En ningún momento me pidió dinero. Antes de irme le dejé 150 € sobre la mesilla, me dio las gracias pero ni siquiera los guardó. Los tres billetes se quedaron ahí, mientras abría el armario y me enseñaba los vestidos que ella misma diseñaba y cosía con acierto. Nos abrazamos. Me despidió como se despide al guerrero que vuelve al campo de batalla, con un ay en el corazón, sin saber si volverá.
Pero volví, al cabo de pocos días. Le regalé unos pendientes y "La novia oscura", una novela de Laura Restrepo, una autora que le gustaba. Ya no hubo la pasión del primer encuentro, aunque la sesión de sexo salvaje y sudoroso fué igualmente antológica. Yo no tengo clientes, tengo amantes, me recordó. Y yo no le pagaba por sus servicios, digamos que sólo prestaba ayuda económica a una amiga.
Unos días después desapareció. Le llamé, le escribí mensajes, dejé recados en el buzón de voz, cientos de veces: sólo quiero saber cómo estás, temo que te haya pasado algo malo, sólo dime que estás bien. Nada. Sospeché algo raro. Un día le llamé desde un teléfono que no era el mío. Respondió. Cambié mal que bien la voz, improvisé un nombre de un supuesto cliente que la había visitado en una ocasión y quería repetir. No me reconoció. Me explicó que estaba en Zaragoza, había tenido algunos problemas, pero que volvería a Reus.

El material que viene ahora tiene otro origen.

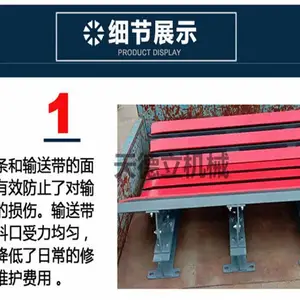 1.2�����ʹ����ϵ㻺�崲 ���ƻ��崲 1.5�׿���***���崲 ���崲 ���崲����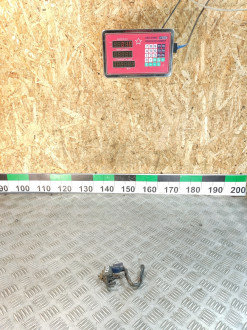 Клапан электромагнитный Nissan Maxima a33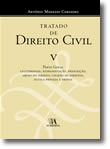 Tratado de Direito Civil V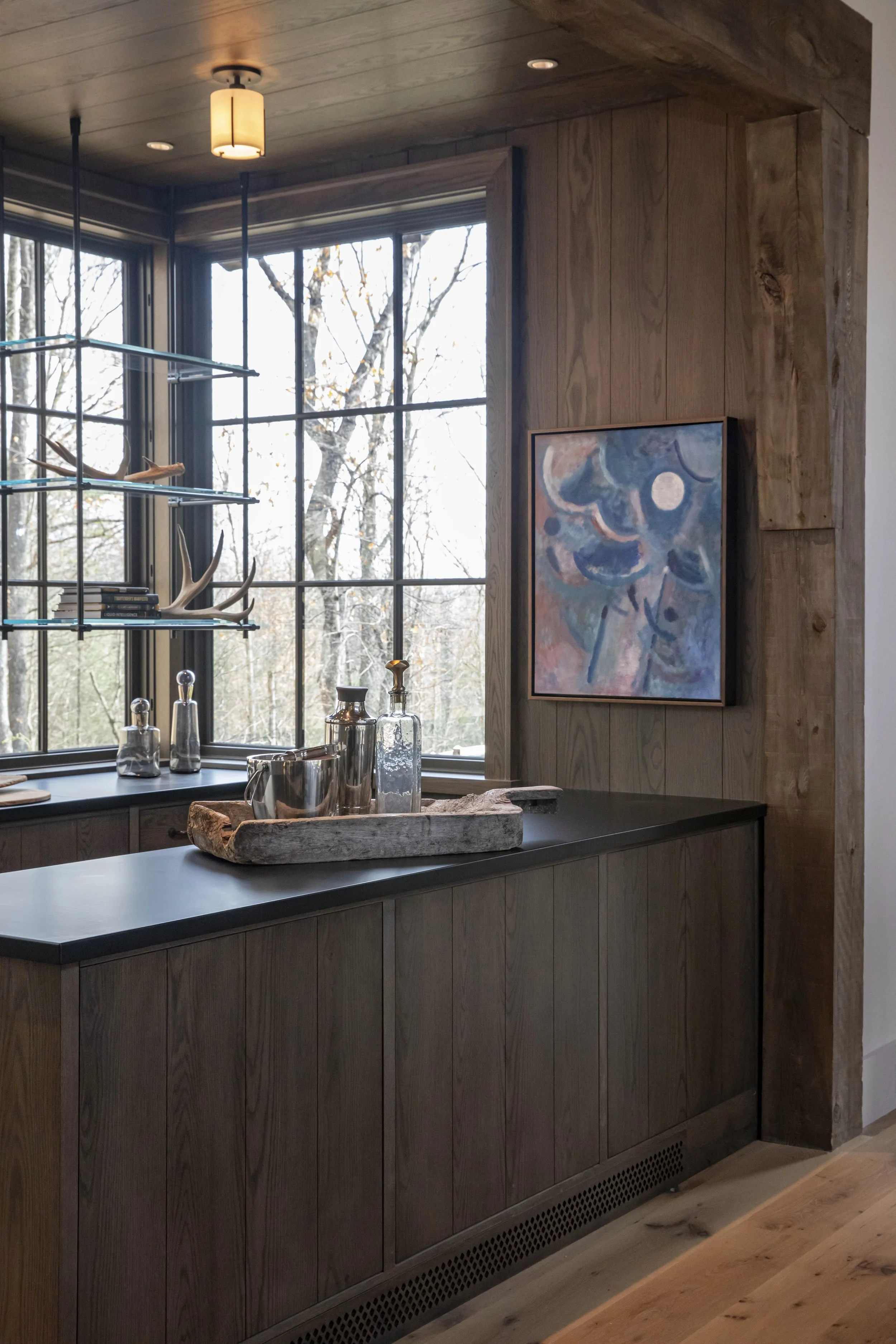 Burcher Interiors_Full Res-3.jpg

Volví a llamar desde mi teléfono. No respondió. Ahora sabía que no quería hablar conmigo. Me faltaba saber la razón. Insistí aún unos días, hasta que, por fin, quizá harta de mi, atendió mi llamada. Me explicó todo, los problemas habían sido serios, el propietario del piso no quiso seguir alquilándoselo. Eso coincidió con que tuvo que marchar de España para poder volver a entrar. Había gastado mucho dinero en mobiliario, ropa y objetos y no sabía qué sería de todo ello. Por suerte, un cliente suyo de Zaragoza, abogado, le ayudó en las cuestiones burocráticas. Volvía a estar en Reus, en un piso más grande y mejor situado. Volví a prometerle que iría a verla.
Creí haber encajado las piezas del rompecabezas. Decidí tomar una decisión drástica. Nos vimos por tercera y última vez una mañana de principios de julio, sólo durante cinco minutos, el tiempo suficiente para decirle lo que ella quería oir. Sólo cinco minutos, insistí. A regañadientes, aceptó que fuera a visitarla.

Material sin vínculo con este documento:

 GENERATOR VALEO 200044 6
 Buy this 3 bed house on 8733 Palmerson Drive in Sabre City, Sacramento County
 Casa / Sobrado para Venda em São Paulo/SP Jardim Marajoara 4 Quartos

Sin perder la cortesía, me presentó las amigas que compartían piso, me enseñó el piso, elegante y luminoso, y puso un énfasis especial en mostrarme fotos en las que posaba sonriente junto a su novio francés.
-Así que tienes novio.
-Más o menos. Vive lejos, nos vemos muy poco.
Le dije que no volvería a verla, que estaba enamorado, y que ante un amor no correspondido prefería no insistir, hacer mutis por el foro, hechar tierra de por medio, irme sin hacer ruído. No me gusta molestar. Respondió con un clásico de la novela rosa: "podemos seguir siendo amigos". En la distancia, sí, amigos, pero no amantes.
Desde entonces, por Navidad me envía un mensaje de buenos deseos, los mismos que yo le reitero, con puntualidad, el día de su cumpleaños. Pronto cumplirá 27, con toda la Vida en mayúsculas por delante y millones de oportunidades de ser feliz, de encontrar a ese hombre que sea su hombre, y ella, su mujer.